→ **Exercise**
Restate the listing below line for line and word for word, without the pictures.

→ **Records for processing**
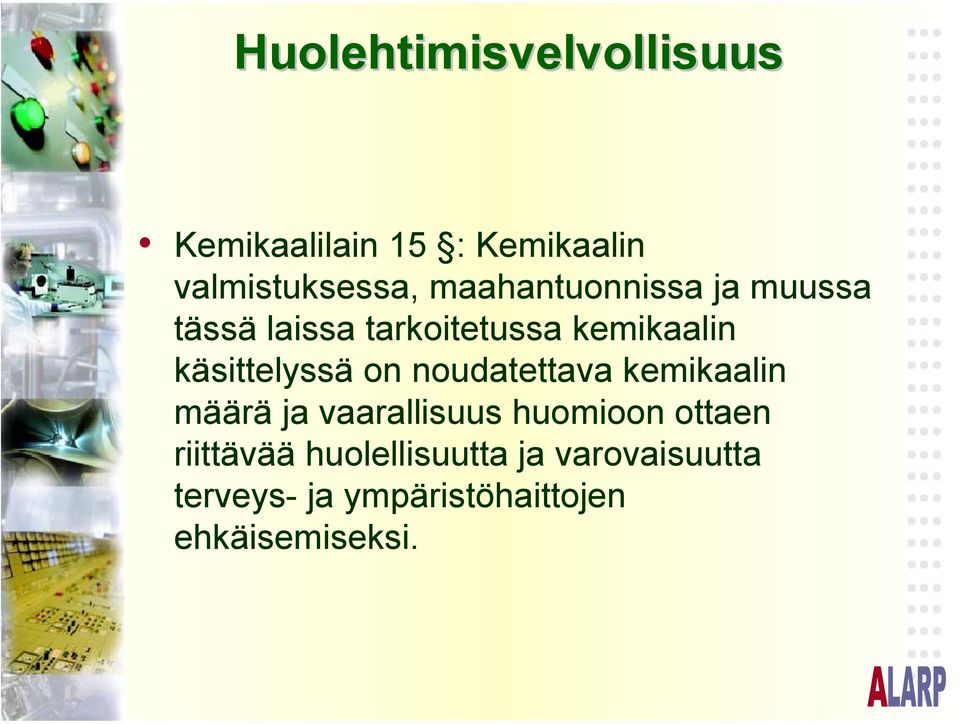 käsittelyssä on noudatettava kemikaalin määrä ja vaarallisuus huomioon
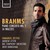 Brahms: Piano Concerto No. 1 Op. 15, 16 Waltzes Op. 39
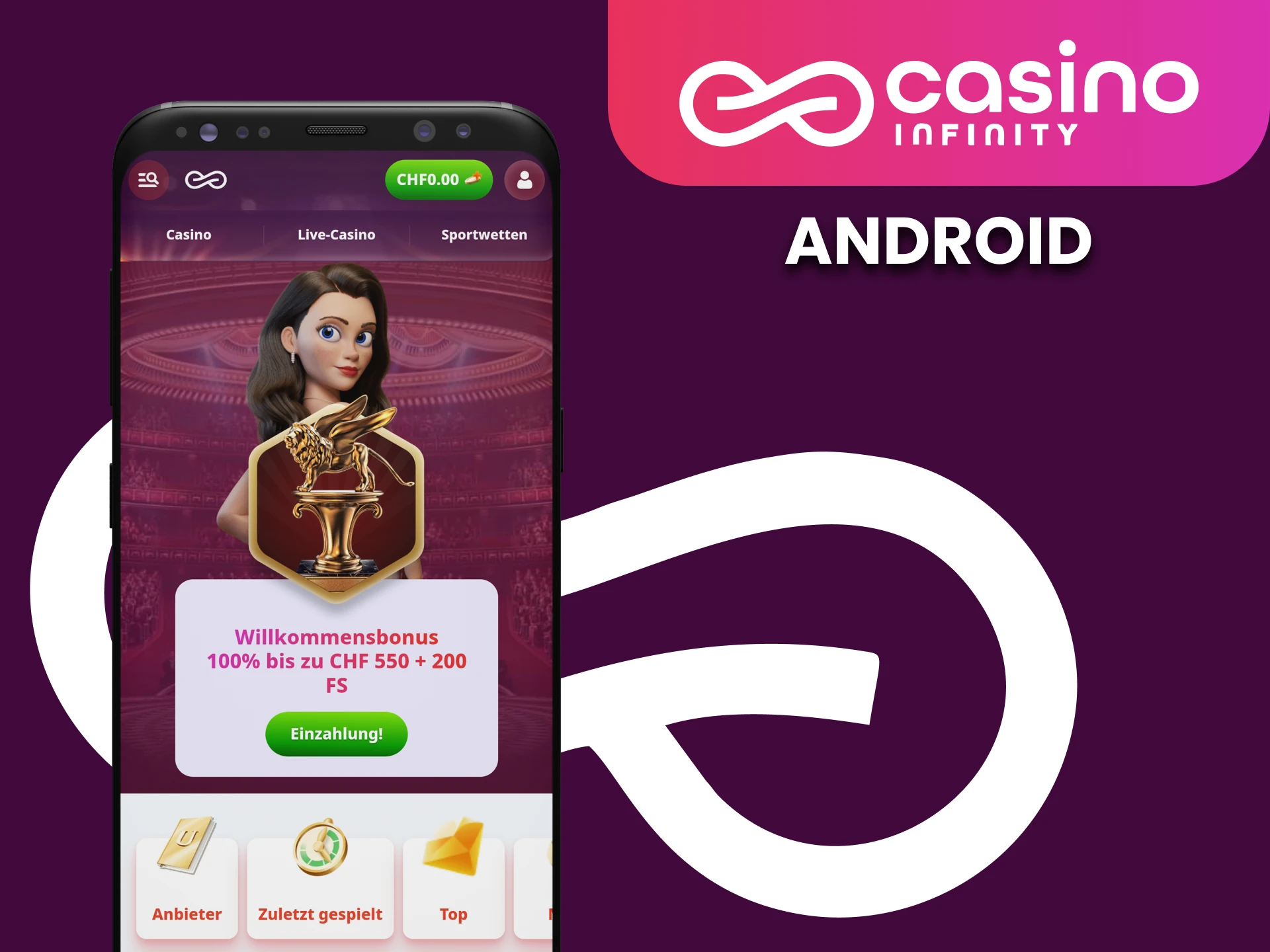 Laden Sie die mobile Casino Infinity-App schnell auf Ihr Android-Gerat herunter.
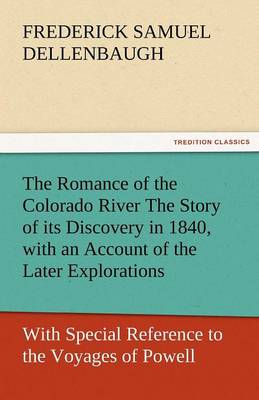 The Romance of the Colorado River the Story of Its Discovery in 1840, with an Account of the Later Explorations, and with Special Reference to the Voy - Agenda Bookshop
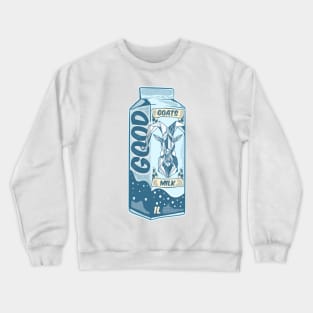 Goats Milk Crewneck Sweatshirt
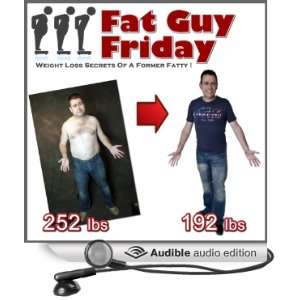  Fat Guy Friday Weight Loss Secrets of a Former Fatty 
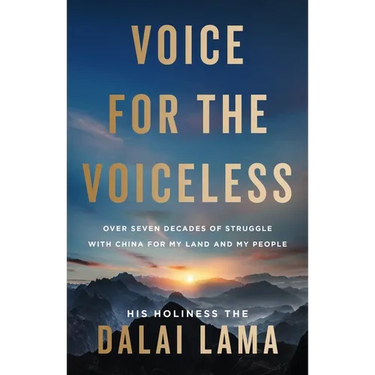 Voice for the Voiceless: Over Seven Decades of Struggle with China for My Land and My People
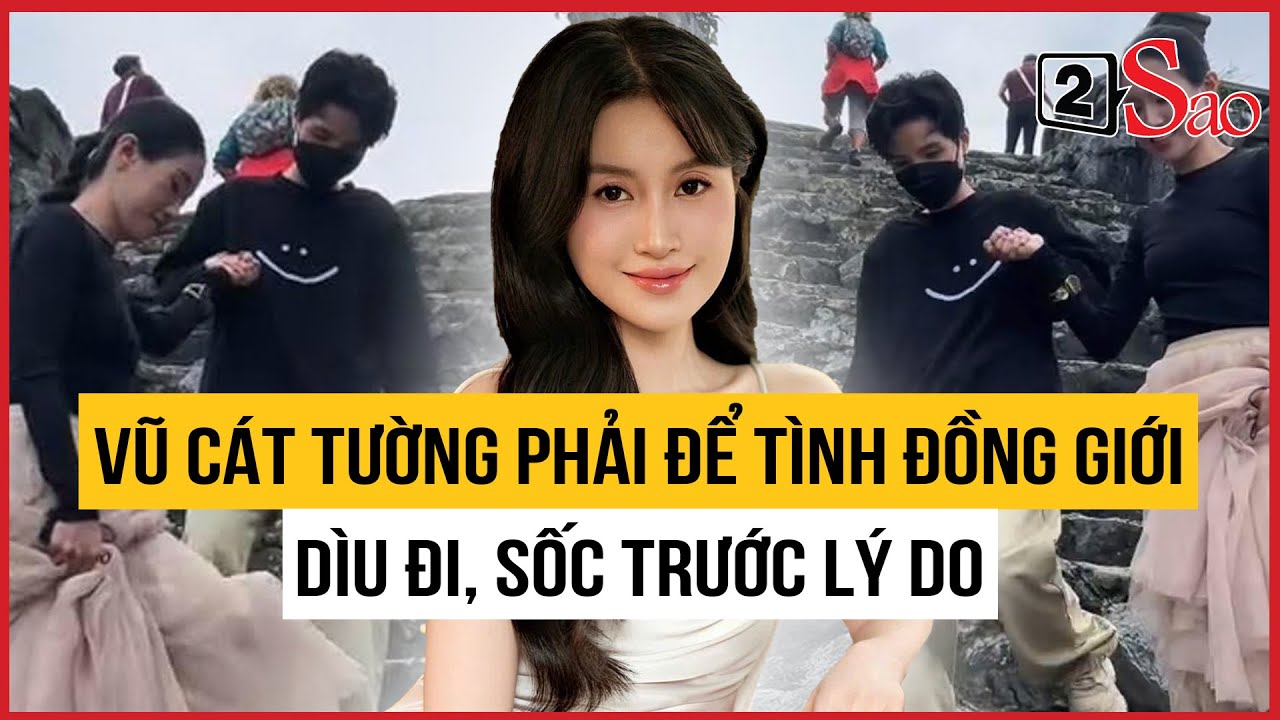 Vũ Cát Tường phải để tình đồng giới dìu đi, sốc trước lý do | TIN GIẢI TRÍ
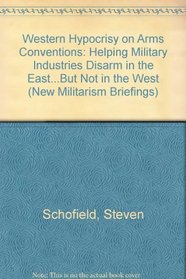 Western Hypocrisy on Arms Conventions: Helping Military Industries Disarm in the East...But Not in the West (New Militarism Briefings)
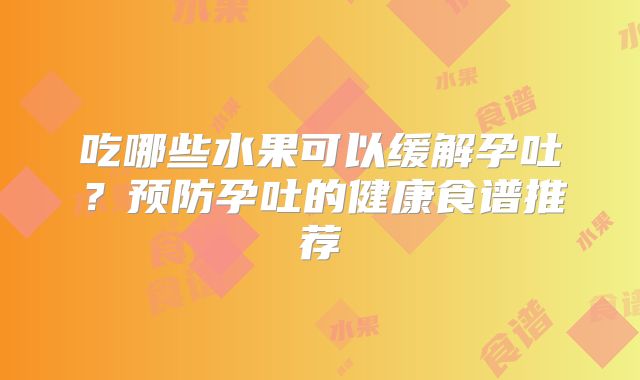 吃哪些水果可以缓解孕吐？预防孕吐的健康食谱推荐
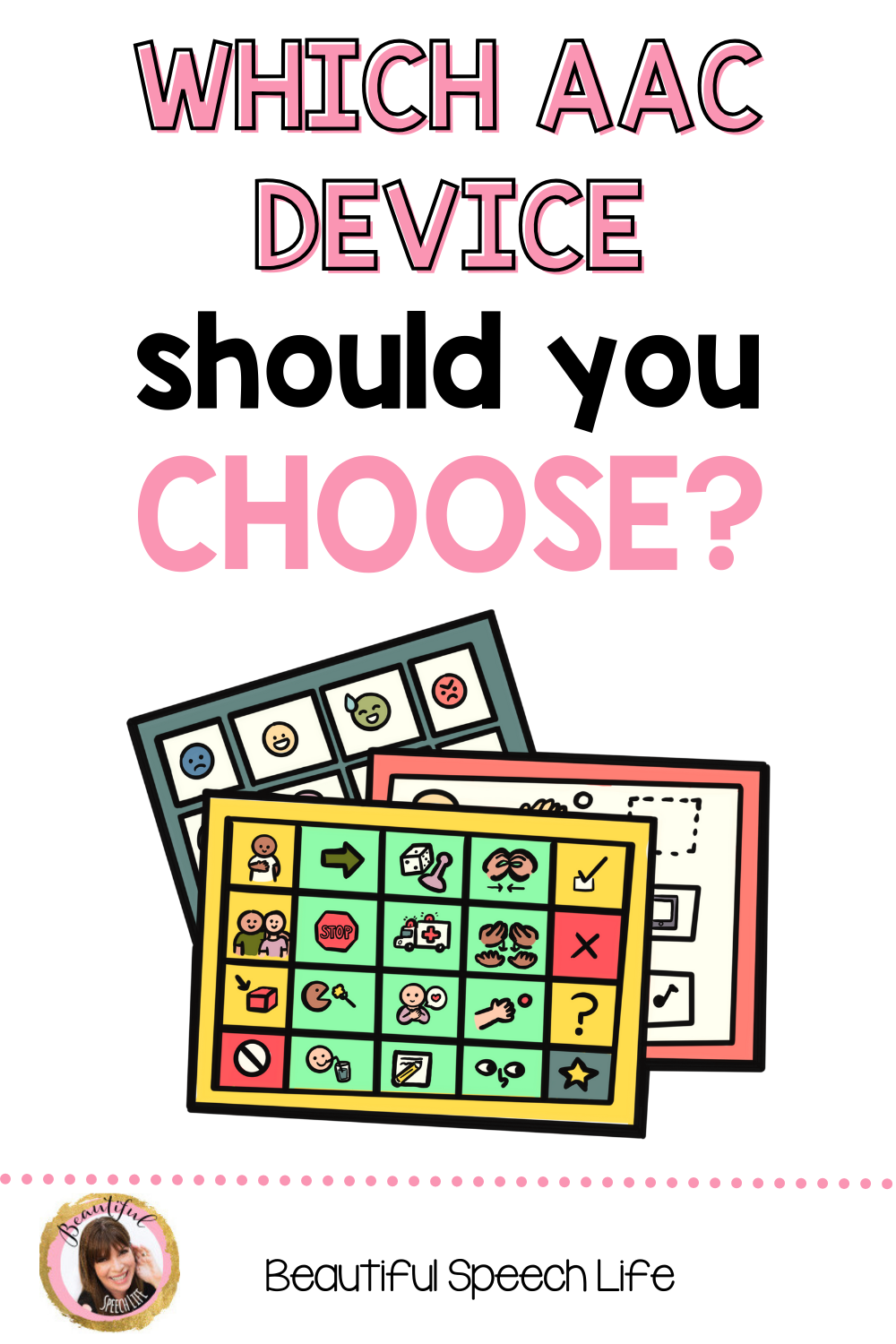 Which AAC Device should you use?
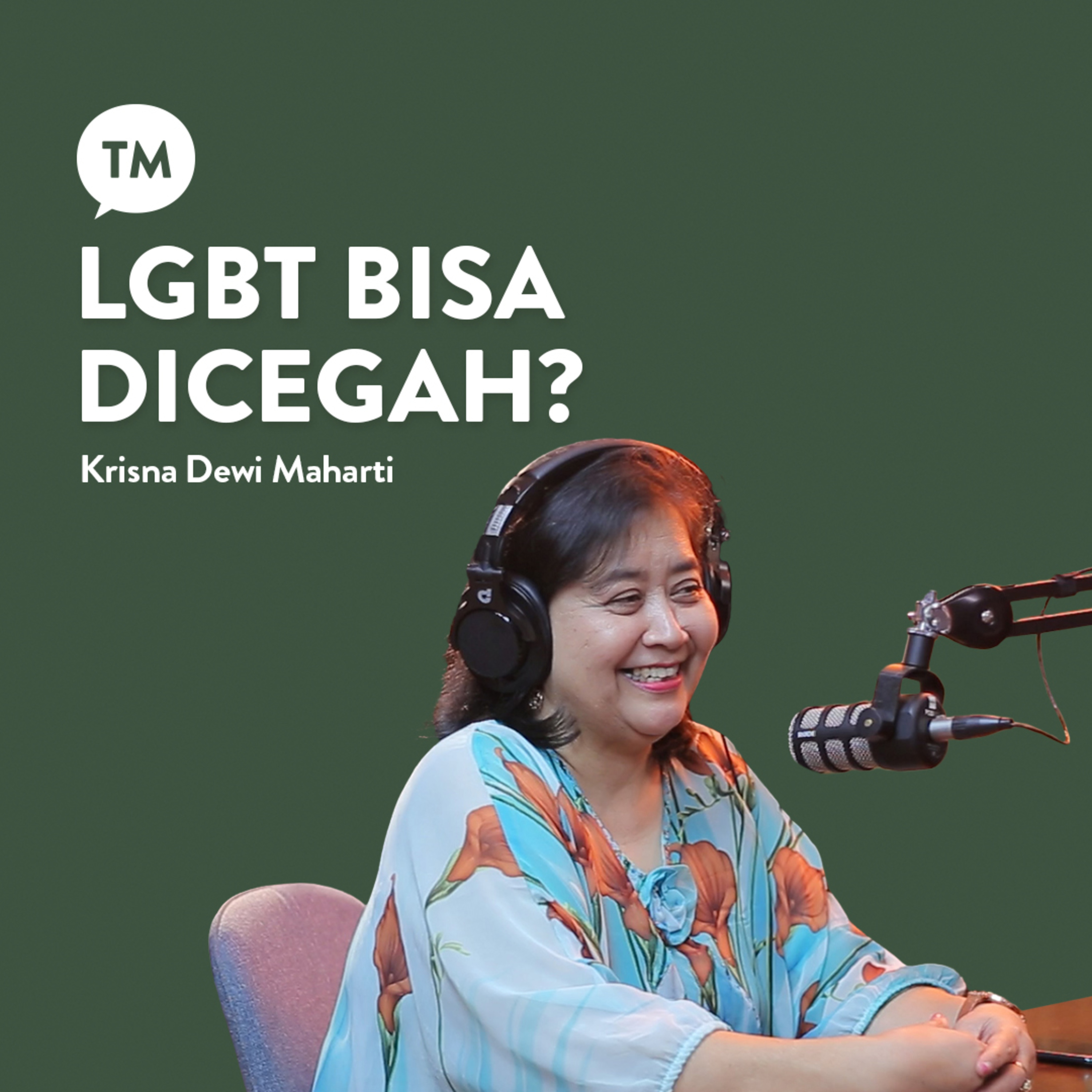 CEGAH LGBT SEJAK DINI??? | Krisna Dewi Maharti, M.Th. | TM Podcast episode artwork
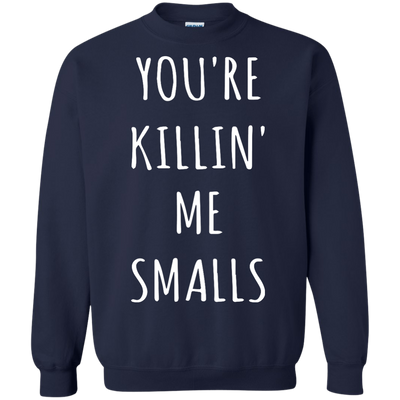 You Are Killin Me Smalls shirt, tank, racerback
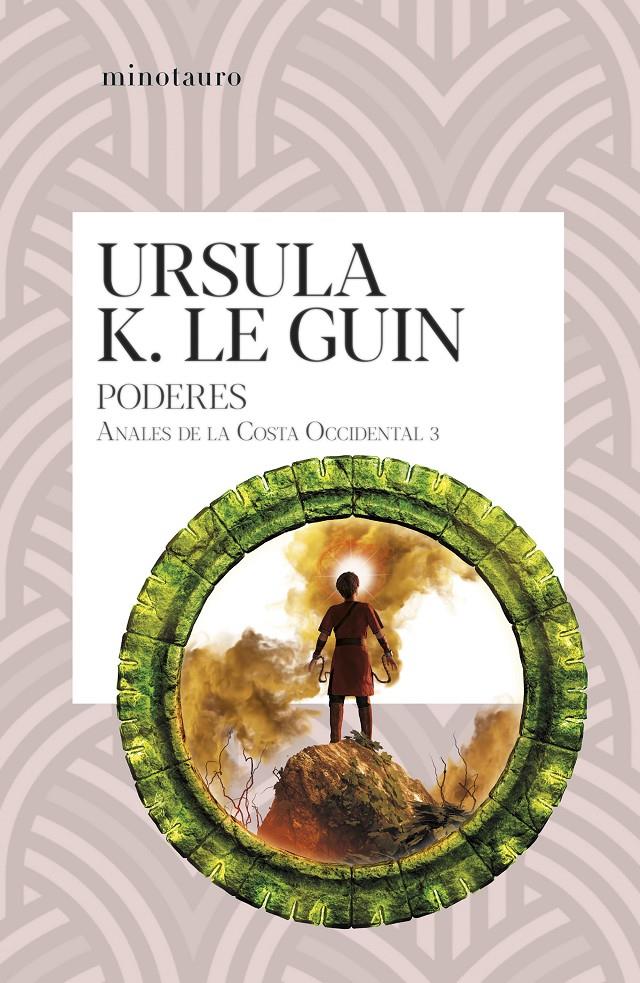 Los poderes nº 03/03 (Anales de la Costa Occidental 3) | Le Guin, Ursula K.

→ **Exercise output**
 käsittelyssä on noudatettava kemikaalin määrä ja vaarallisuus huomioon
 Brahms: Piano Concerto No. 1 Op. 15, 16 Waltzes Op. 39
 Laden Sie die mobile Casino Infinity-App schnell auf Ihr Android-Gerat herunter.
 The Romance of the Colorado River the Story of Its Discovery in 1840, with an Account of the Later Explorations, and with Special Reference to the Voy - Agenda Bookshop
 Goats Milk Crewneck Sweatshirt
  Fat Guy Friday Weight Loss Secrets of a Former Fatty 
 Voice for the Voiceless: Over Seven Decades of Struggle with China for My Land and My People
 Vũ Cát Tường phải để tình đồng giới dìu đi, sốc trước lý do | TIN GIẢI TRÍ
 Western Hypocrisy on Arms Conventions: Helping Military Industries Disarm in the East...But Not in the West (New Militarism Briefings)
 吃哪些水果可以缓解孕吐？预防孕吐的健康食谱推荐
 Which AAC Device should you use?
 CEGAH LGBT SEJAK DINI??? | Krisna Dewi Maharti, M.Th. | TM Podcast episode artwork
 You Are Killin Me Smalls shirt, tank, racerback
 Los poderes nº 03/03 (Anales de la Costa Occidental 3) | Le Guin, Ursula K.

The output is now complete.